S’era aspettato un violento diniego, una sbalordita mancanza di compren­sione delle sue parole, come se veramente il gatto fosse stato ucciso da qual­che monello, comunque una reazione battagliera. Ma era completamente im­preparato alla scena che si verificò. Perché April, copertasi il volto con le mani, i gomiti sul tavolino, piangeva ora silenziosamente, scossa da muti e violenti singulti.

Si sentì smarrito, stupido e inerte davanti a quelle lacrime che aveva provo­cato. Le lacrime lo avevano sempre reso impotente e infelice.

«April, ti prego...», balbettò, «davvero, non intendevo...»

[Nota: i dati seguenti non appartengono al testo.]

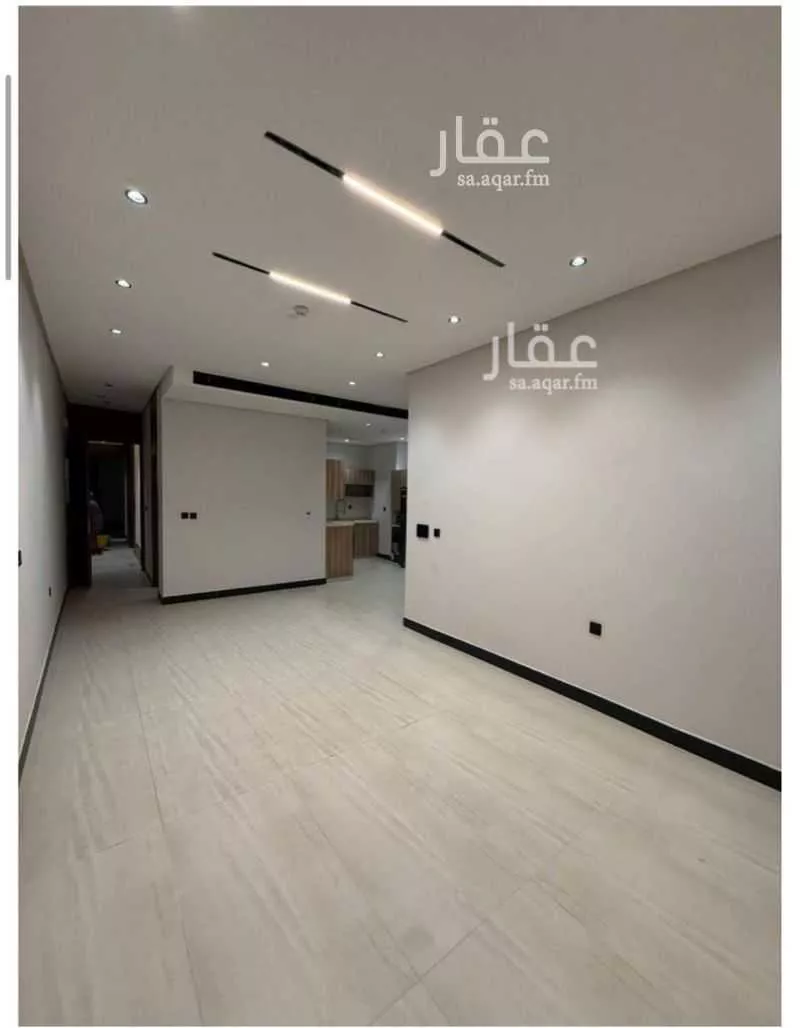 شقة 2 غرف في المونسية 1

Tacque, nel vedere il cameriere che si avvicinava con due altri dacquari e se ne andava con i due dollari del conto e i bicchieri vuoti.

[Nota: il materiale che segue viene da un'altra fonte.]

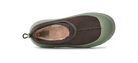 UGG Tasman Weather Hybrid Slipper Dense Smoke Artichoke
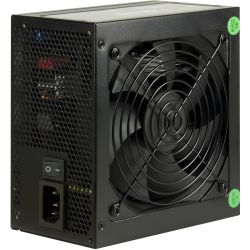 Inter-Tech Netzteil 850W ArgusNT BPS-850 Bronze ATX 3.0 Std (88882242)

«April», pregò poi, «perdonami, cara, ti chiedo scusa con tutto il cuore...»

La ragazza sollevò il capo e lo guardò silenziosamente attraverso il velo di lacrime che le colmavano gli occhi dal taglio orientale, quegli occhi che appa­rivano ora enormi, neri, solenni; e la sua testa di fiamma assentì due o tre volte, lentamente, in una conferma di stanca sconfitta.

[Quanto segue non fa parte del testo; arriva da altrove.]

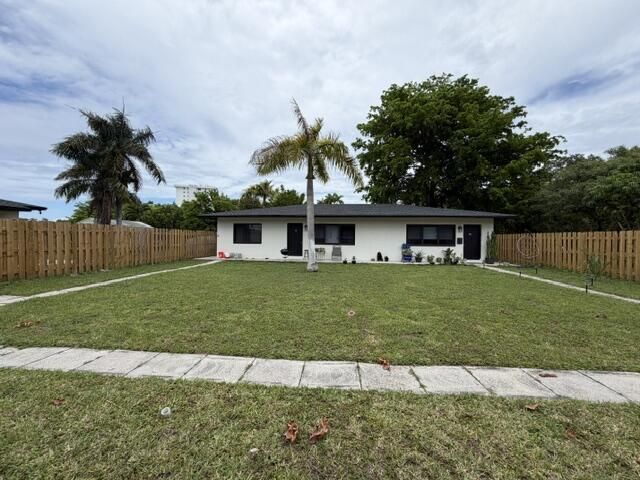53 NE 16th Place, Fort Lauderdale, FL 33305 Photo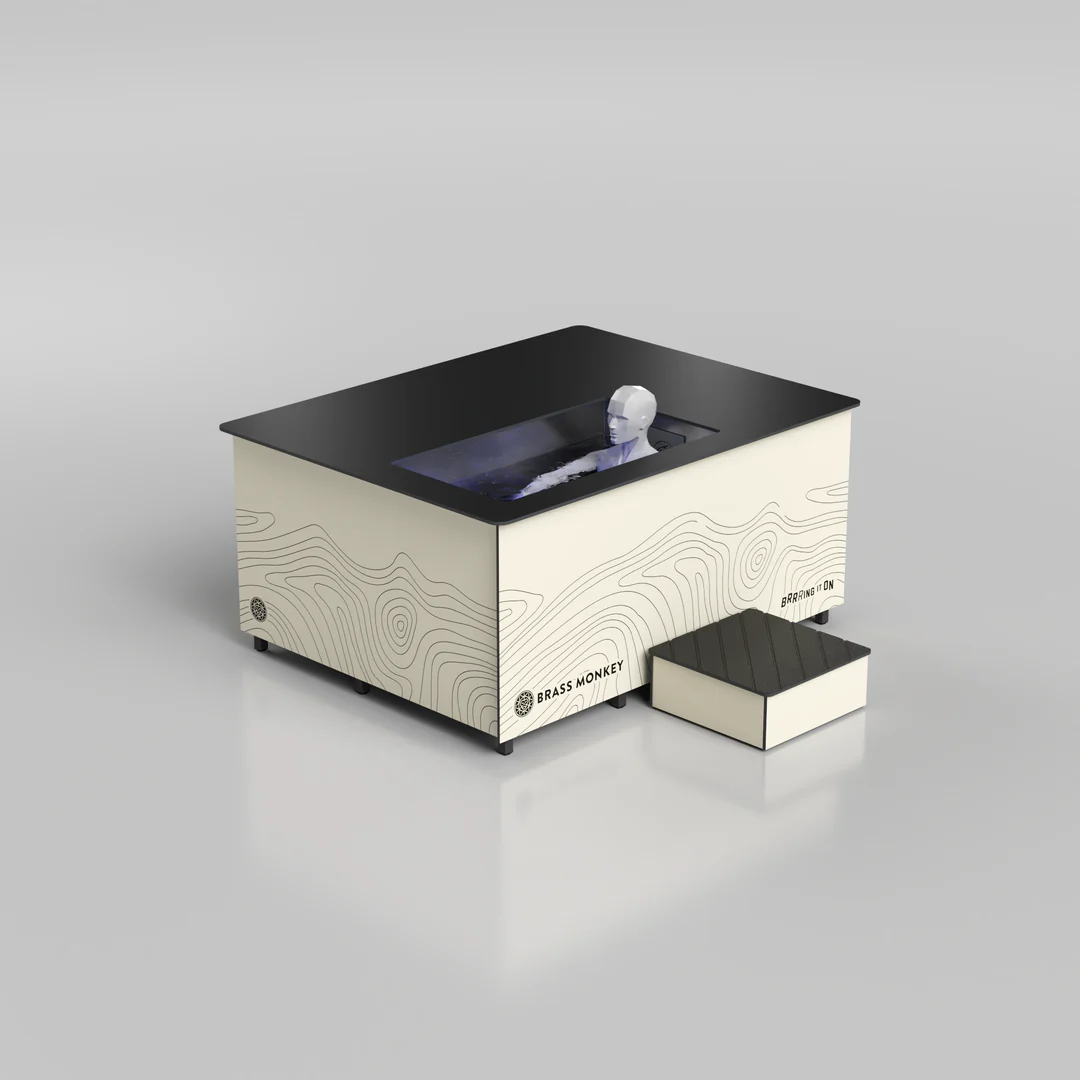Product image 61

«Dunque, tu sai», disse, in tono amaramente conclusivo.

«Io non so niente», si affrettò a ribattere lui. «So soltanto che tutto questo sta diventando un incubo, e ci sono troppe cose che non riesco a credere o a capire. Non volevo certo offenderti, April, ti scongiuro di crederlo. Tu mi interessi e mi piaci... molto, moltissimo. Ma... insomma, hai visto anche tu come è morto il povero Mondrick.»

April aveva aperto la borsetta di pelle verde per trarne un fazzoletto col quale ora si stava asciugando gli occhi. Poi si incipriò il volto, che le lacrime avevano devastato, e bevve deliberatamente il resto del cocktail. Ma Barbee vide che il bicchiere le tremava fra le lunghe dita sottili. Infine April alzò gli occhi su di lui e lo fissò con espressione triste e solenne.

«Sì, Will», disse lentamente, «mi hai scoperto. Credo che sia inutile voler cercare d’ingannarti oltre. La verità è dura a confessarsi e so che ti sconvol­gerà.»

Fece un’altra pausa, e infine pronunziò poche incredibili parole:

«Perché, vedi: io sono una strega, Will».

Barbee si levò a mezzo, sedette di nuovo e nervosamente trangugiò il suo dacquari. Guardò, battendo le palpebre, il volto triste e serio di April e scos­se due o tre volte il capo, non sapendo se offendersi per uno scherzo di cattivo gusto, o crederla una povera allucinata. Alla fine domandò col fiato mozzo:

«Si può sapere che diavolo dici?».

«Non te l’ho detto?», rispose lei con una specie di accorata mestizia. «Poco fa ti ho taciuto il motivo per cui mio padre e la mamma si divisero. Non sapevo come dirtelo. Ma fu questa la causa. Io ero una strega bambina, e mio padre se n’era accorto. La mamma lo aveva sempre saputo, e mi difese. Mio padre mi avrebbe ucciso, se non ci fosse stata lei. E per questo ci cacciò di casa.»